AIM OF THE EXERCISE
What is needed is an exact transcription of the listing, with the images removed.

THE RECORDS
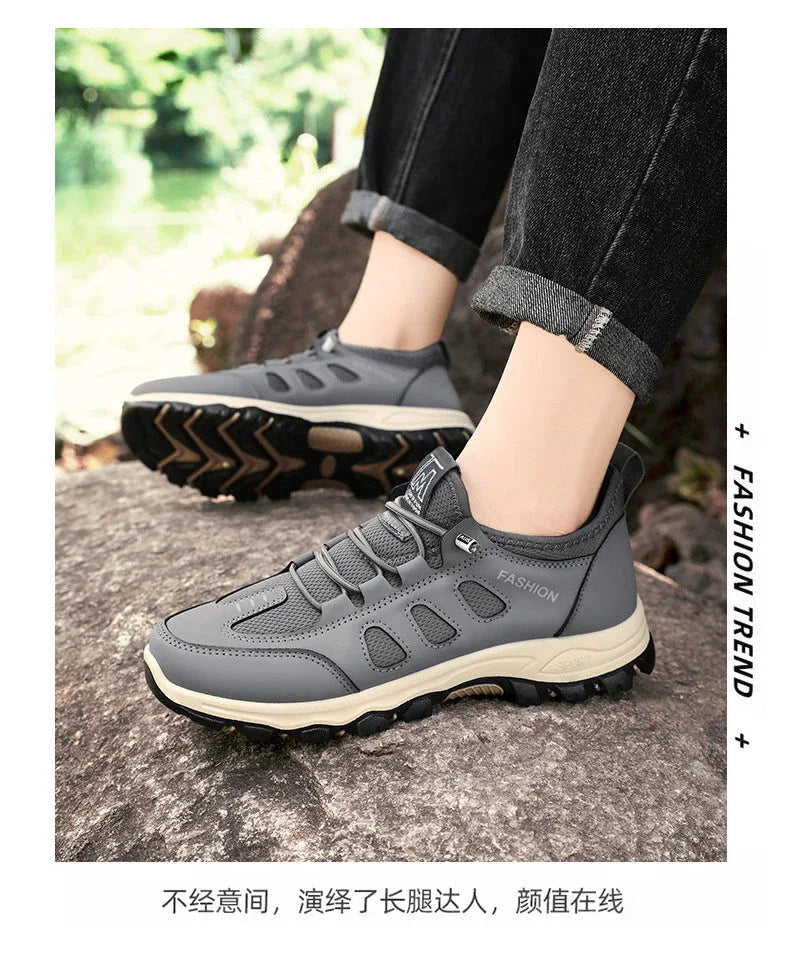 Chaussures de Randonnée Homme – Sneakers Respirantes et Légères, Chaussures de Marche Extérieures pour l’Été, Confort et Stabilité - Justyol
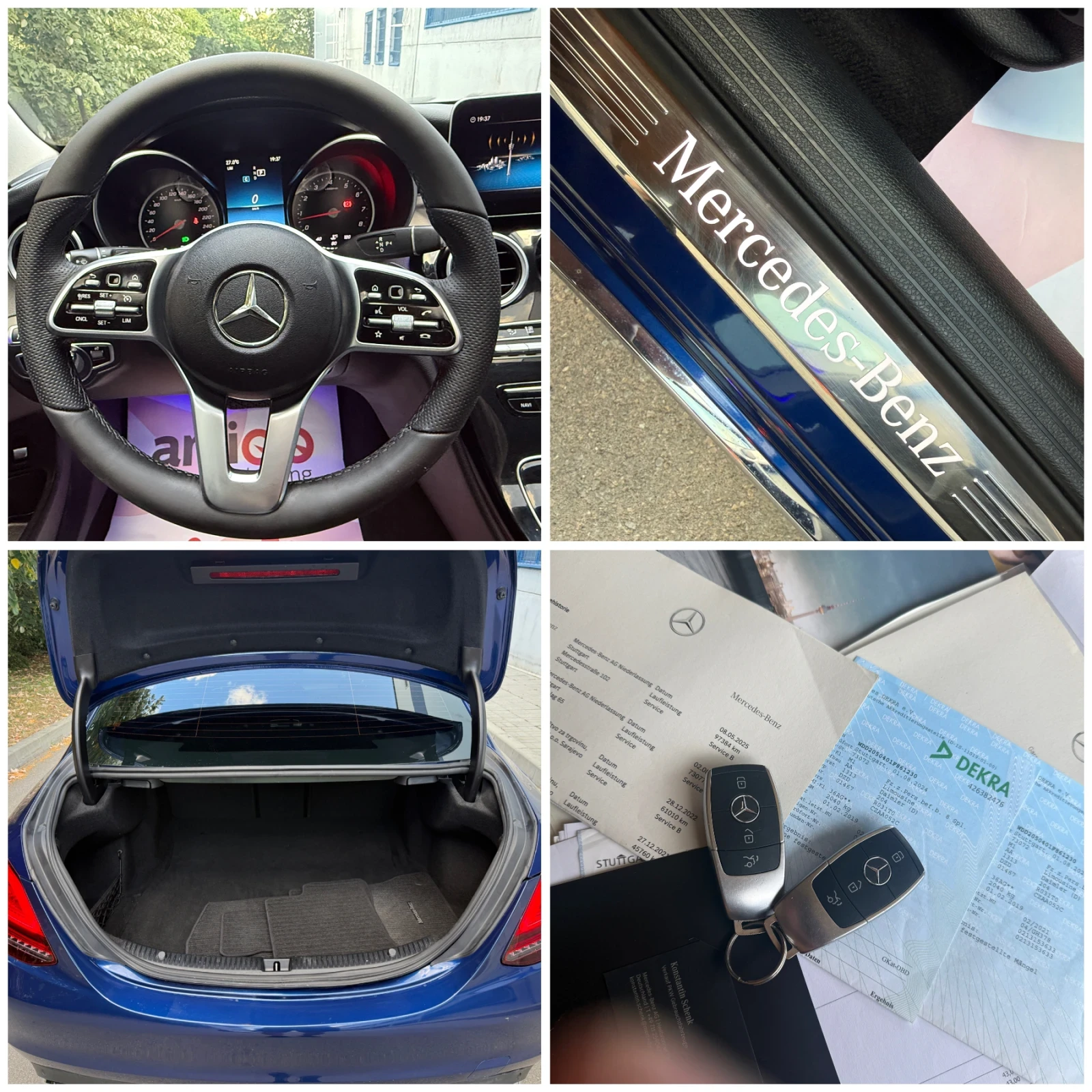 Mercedes-Benz C 180 FACELIFT * TOP, снимка 17 - Автомобили и джипове - 55166088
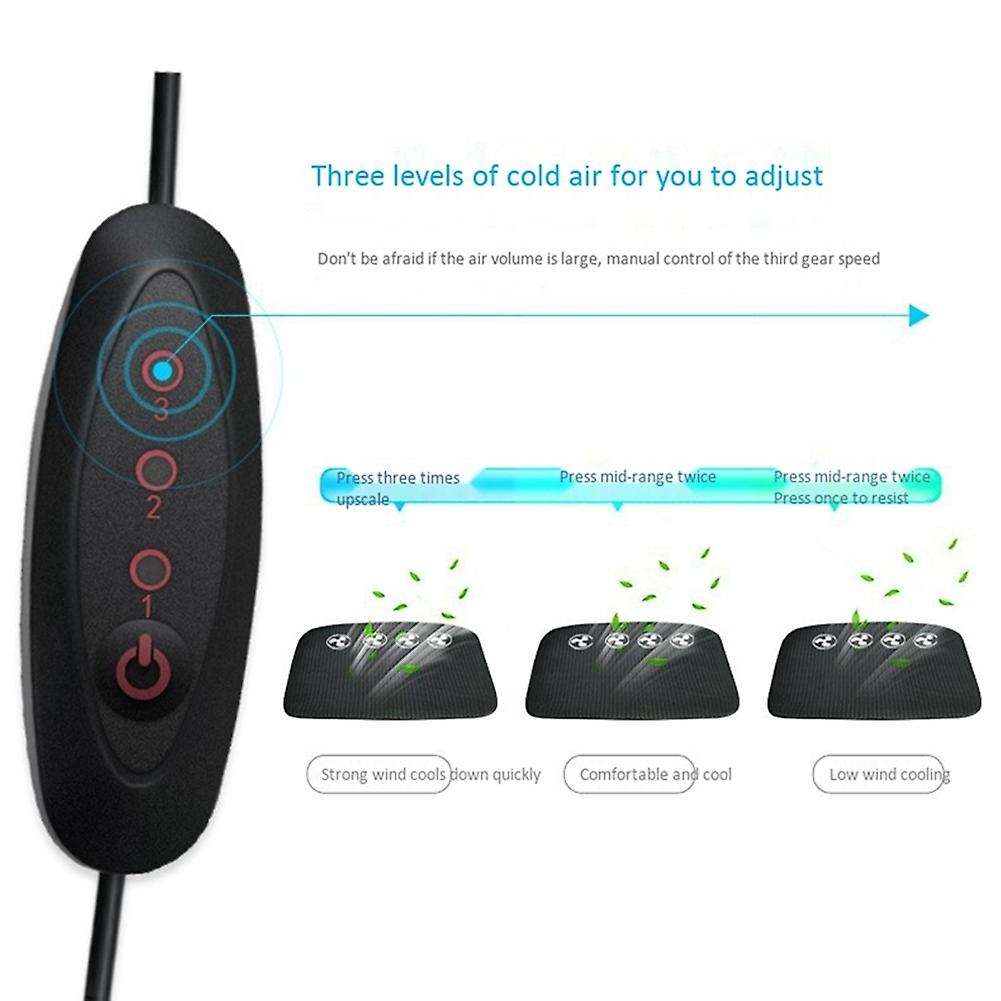 Universal Car Usb Cooling Seat Cover,4 Built-in 3d Fan for Car Home
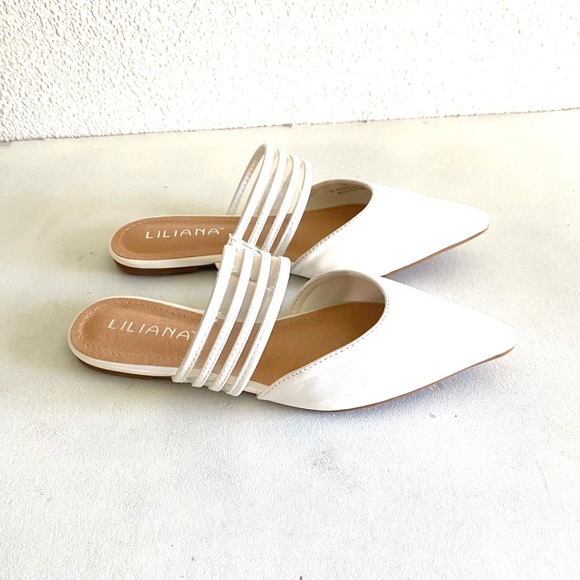 LILIANA Alda mesh slide white - various - Picture 3 of 10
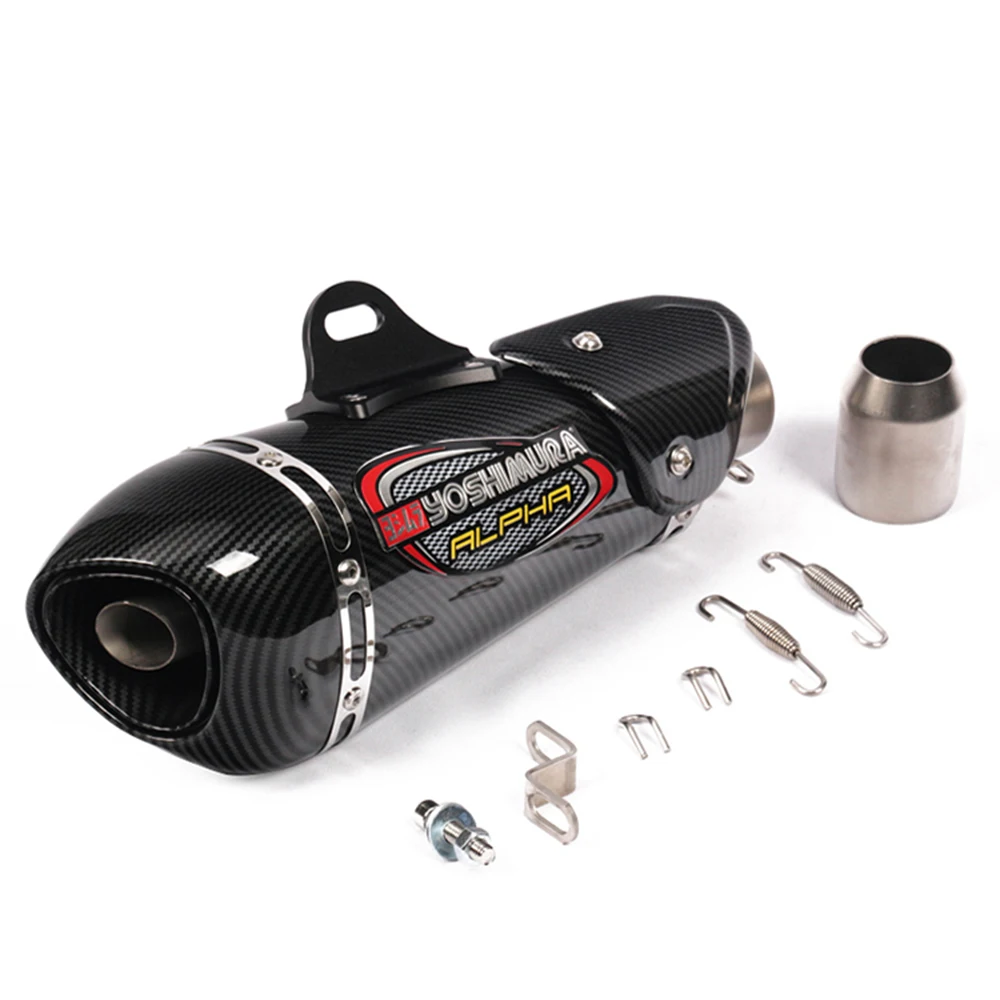 

Universal Motorcycle Yoshimura Exhaust Pipe Escape Moto Carbon Muffler DB Killer For GSX-S750 NC700 CBR250R R3 R6 RC390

EXERCISE RESULT
 Chaussures de Randonnée Homme – Sneakers Respirantes et Légères, Chaussures de Marche Extérieures pour l’Été, Confort et Stabilité - Justyol
 Mercedes-Benz C 180 FACELIFT * TOP, снимка 17 - Автомобили и джипове - 55166088
 Universal Car Usb Cooling Seat Cover,4 Built-in 3d Fan for Car Home
 LILIANA Alda mesh slide white - various - Picture 3 of 10

Universal Motorcycle Yoshimura Exhaust Pipe Escape Moto Carbon Muffler DB Killer For GSX-S750 NC700 CBR250R R3 R6 RC390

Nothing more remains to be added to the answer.